There’s plenty of real stuff going on this week — you’ve already heard about R. Kelly’s acquittal and Lil Wayne’s million-selling chart coup — but if you were looking for important, well-reported, or even marginally interesting music news, you probably wouldn’t be reading my column. Let’s skip straight to the sweet stuff: the week’s goofiest press releases.
Teamsters Urge Singer Kenny Chesney: Speak Out Against Corona's Pension Cuts
Just a month after enduring the first shred of controversy in his career — his comments upon winning the Academy of Country Music’s Entertainer of the Year award were interpreted by some as ungrateful — blameless Knoxville pinhead Kenny Chesney is being pulled into a scuffle between Teamsters and beer:
“Chesney’s lyrics speak of down-to-earth themes such as tractor driving, barefoot walking, and hardworking, family-loving folks,” said Chuck Mack, President of Teamsters Joint Council 7 and International Vice President. “America's working families identify with him and vice-versa.
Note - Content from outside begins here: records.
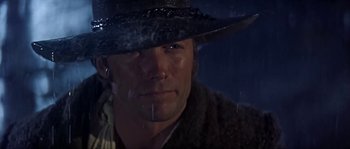 Movie still from “Paint Your Wagon” (1969), directed by Joshua Logan – A person wearing a cowboy hat; Close Up shot, Low angle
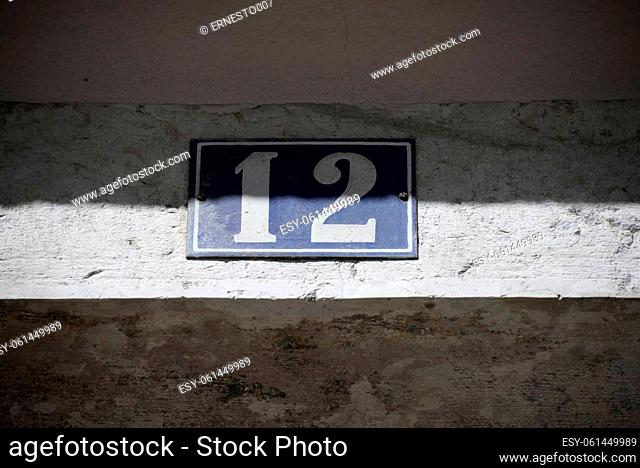 number 12 on a house in Lisbon - Lisboa - the capital of Portugal, September, 2018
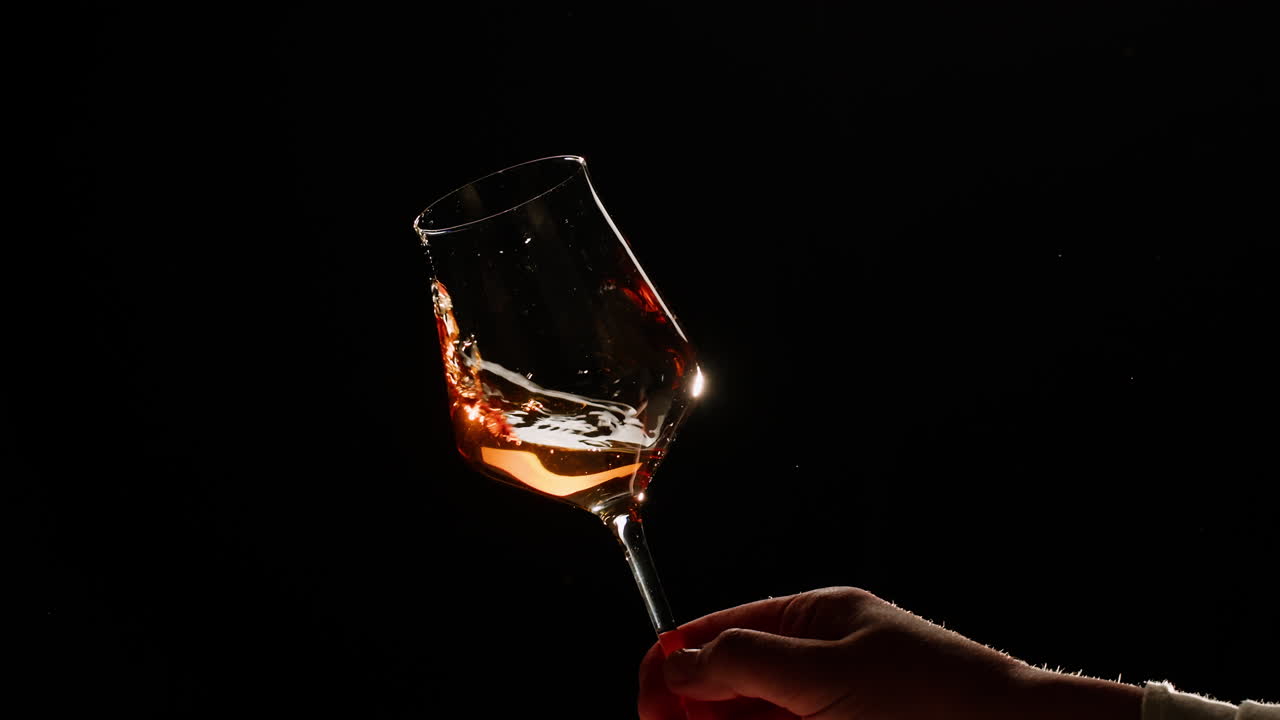 Rose Orange or white wine bottle and glass against a sunset in a peaceful vineyard, pouring of ecological natural wine. Cheers, hands with wine glasses, drinking alcohol.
We urge him to encourage Corona’s San Francisco distributor not to take away the dignified retirement employees worked hard to earn.”
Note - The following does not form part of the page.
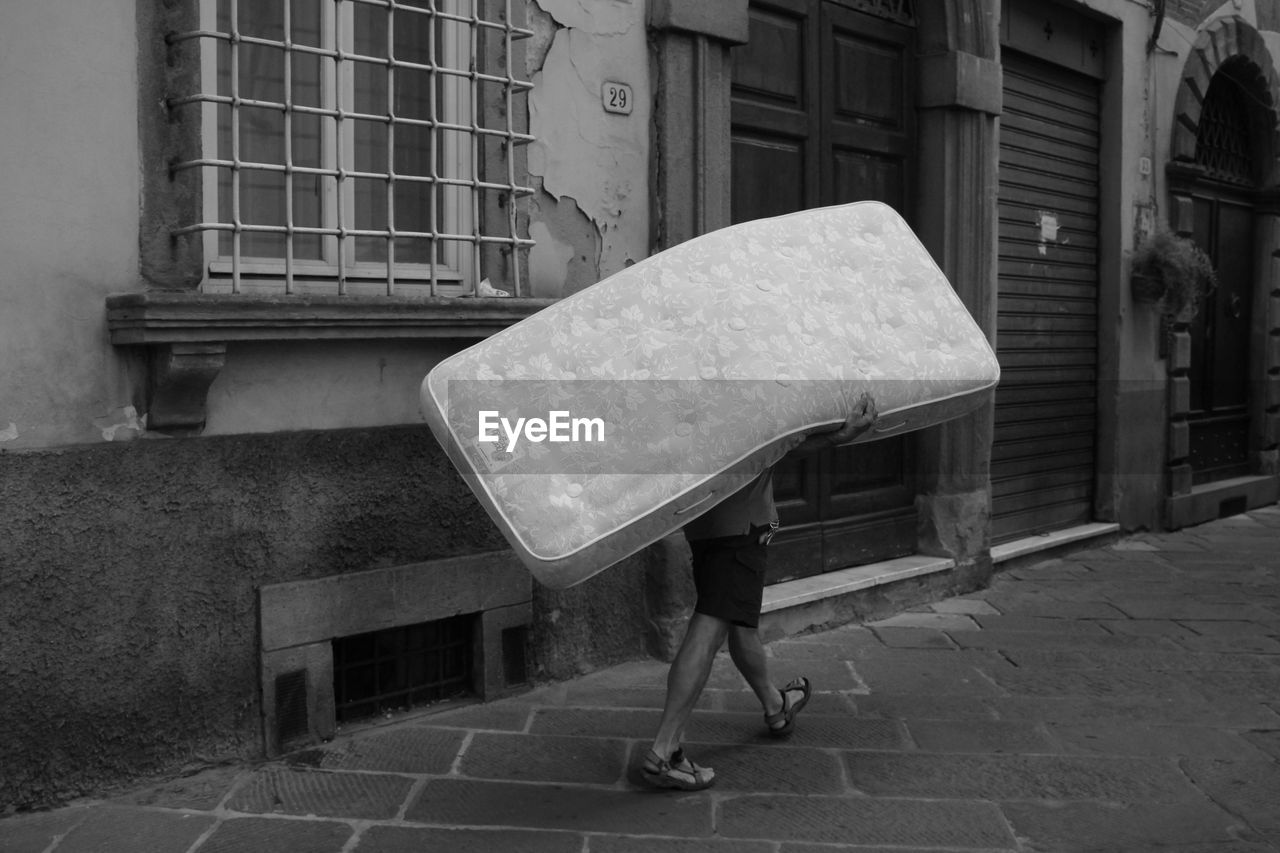 Man carrying mattress on street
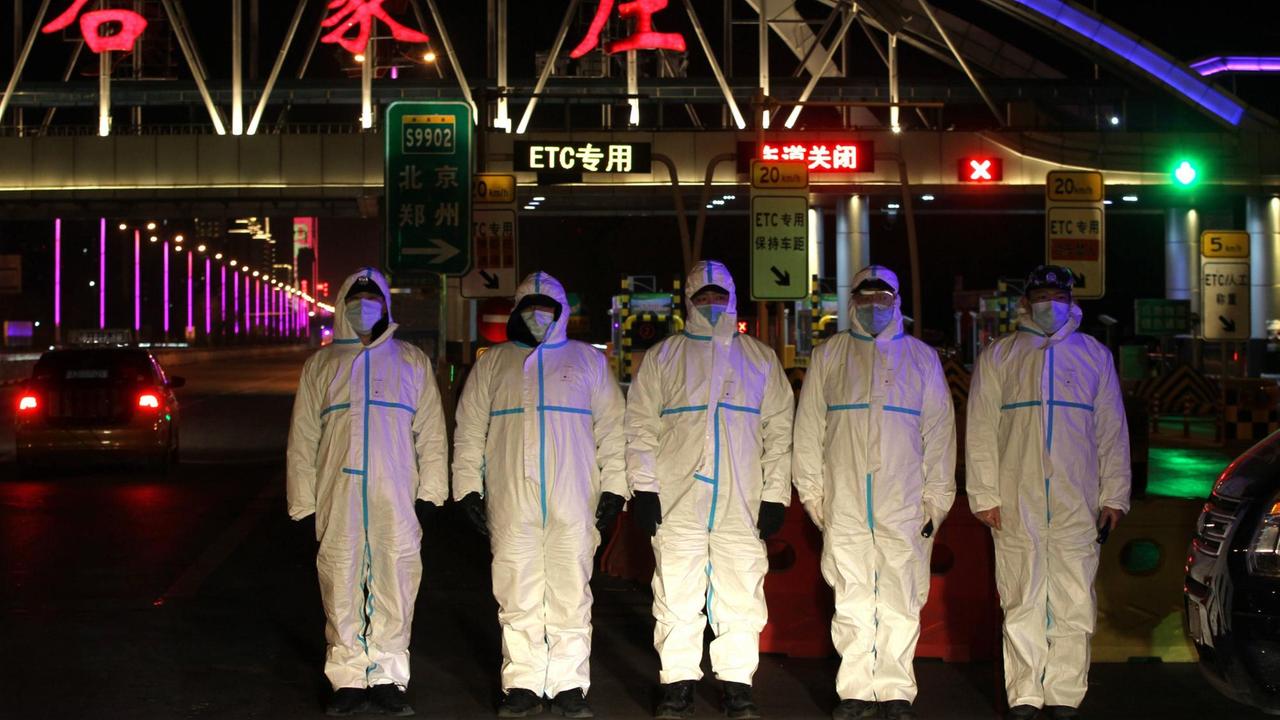 Polizisten in Schutzanzügen kontrollieren die Zufahrt zur aufgrund der Corona-Pandemie abgeriegelten chinesischen Stadt Shijiazuang. 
A hundred teamsters showed up at his Corona-sponsored concert to pass out leaflets decrying a local Corona distributor’s attempt to eliminate employee pensions in a proposed new contract. Chesney, who has a major promotional (and esophageal) relationship with Corona, has skipped his cellphone into the crystal-clear sea and is currently too laid back to comment.
I have to say I resent the ugly tactic of using a country singer’s love of heavy farm equipment to guilt-trip him into joining a political fight. The relationship between Kenny Chesney and tractors is a sacred thing, and using it to drive a wedge between him and the Mexican beer he so dearly loves (see his 2007 hit “Beer in Mexico”) is downright reprehensible.
Using Music To Ease the Pain of Labor; New CD Featuring Celine Dion, Norah Jones, Provides Soothing Songs for Delivery
As if childbirth weren’t painful enough:
Doctors and midwives are increasingly embracing the notion that music can help improve the birth experience for mothers. From this need to soothe sprang the CD Stork Tunes: Songs for a Happy Birth Day, a compilation of songs focused on mothers and children by top artists. Among the artists on the CD are Celine Dion (“A Mother’s Prayer”); Katrina Carlson (“Mother”); and the Dixie Chicks (“Godspeed (Sweet Dreams)”).
I know in my heart that any child of mine would sooner claw its way back into the womb than enter a world in which Norah Jones dominates its infant senses. Furthermore, if I ever knock up a girl who would enjoy listening to Celine Dion and the Dixie Chicks during the birth of our child, I hope to be thousands of miles away from the delivery room, preferably in a nation with relaxed attitudes toward deadbeatism.
There can be only one circumstance under which my screaming, blood-slick offspring should have any interaction with Celine Dion, and it certainly won’t be the miracle of childbirth. So committed am I to ridding the world of terrible music that I plan to train my brood from birth to succeed in action where my words have failed.